How we came to Smiggle’s Bottom
I didn’t grow up in one place. My family didn’t make far-flung “military relocation” moves but we didn’t stay in one town as most people in northern Appalachia do—for generations. I was born in Pittsburgh—only because my mother and I were very sick, sent to Pittsburgh for consultation, and the doctor deemed it wise to perform a C-section then and there. We went home to a little town on the Monongahela River, Belle Vernon, Pennsylvania. When I was four, we moved to the north side of Pittsburgh, an ancient house in an odd neighborhood on Jack’s Run Road. When I was eight we moved to Connellsville, Pennsylvania, where I lived until I went off to college in Morgantown, West Virginia. In between we visited family and friends in many small towns in the valleys and mountains of southwestern Pennsylvania. What was once a thriving coal and steel area, was in it’s demise when I grew up. The scenery varied from wild natural woodland and mountain vistas to streets of decrepit company homes, abandoned coke ovens, slag heaps, weed-covered rail road tracks, oily rivers, and slumped neighborhoods—the result of mine subsidence.
I had an aunt that lived in a middle-class suburb of Washington DC. We visited her once a year and my dad, who didn’t care for crowds of relatives, took me on day trips to DC and Baltimore. Because he was a magician, we went to magic conventions in exotic places like Cleveland and Chicago. I had an aunt in Missouri and we drove out there a few times. Because one of my grandmothers had emigrated from the Isle of Man, we went to Manx conventions in various American cities. And when I was nine, she remarried and moved to Miami. My family drove there on Christmas vacations.

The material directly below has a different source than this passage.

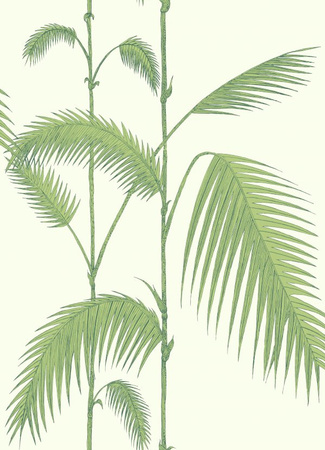 Tapeta Contemporary Collection Palm Leaves Cole&Son - My Honey Home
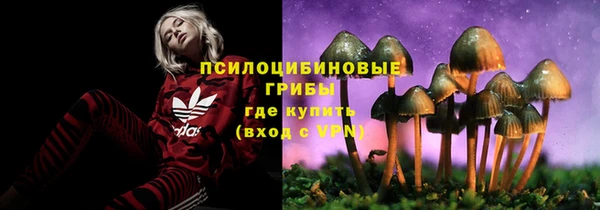кокаин премиум Богородицк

What this means is that I traveled more than the average small-town girl form a family that could probably be categorized as lower middle class. We drove to all these places at a time when gas was cheap and chain-gangs worked the roads. Because I was prone to carsickness and couldn’t read in the car, I saw lots of sights and had plenty of time to daydream. My impressions of these places were, perhaps, not very realistic. I was a child when I visited them, one prone to fantasize. As an adult I’ve been to as many places as possible: foreign countries, ancient ruins, places with oceans, canals, volcanos. Floating cities, crocodile-infested rivers, secluded cays, jungles and deserts.
Smiggle’s Bottom, where Felicity grew up, is a loose mix of all these places and impressions. A lot of people meshed into unique characters. The stories happened internally and externally. Some may have been stories I overheard. They’re all patched and embroidered, stitched together as the women in my family were disposed to do with thread, yarn, fabric. (No needles were involved as I never achieved their level of competence with them.)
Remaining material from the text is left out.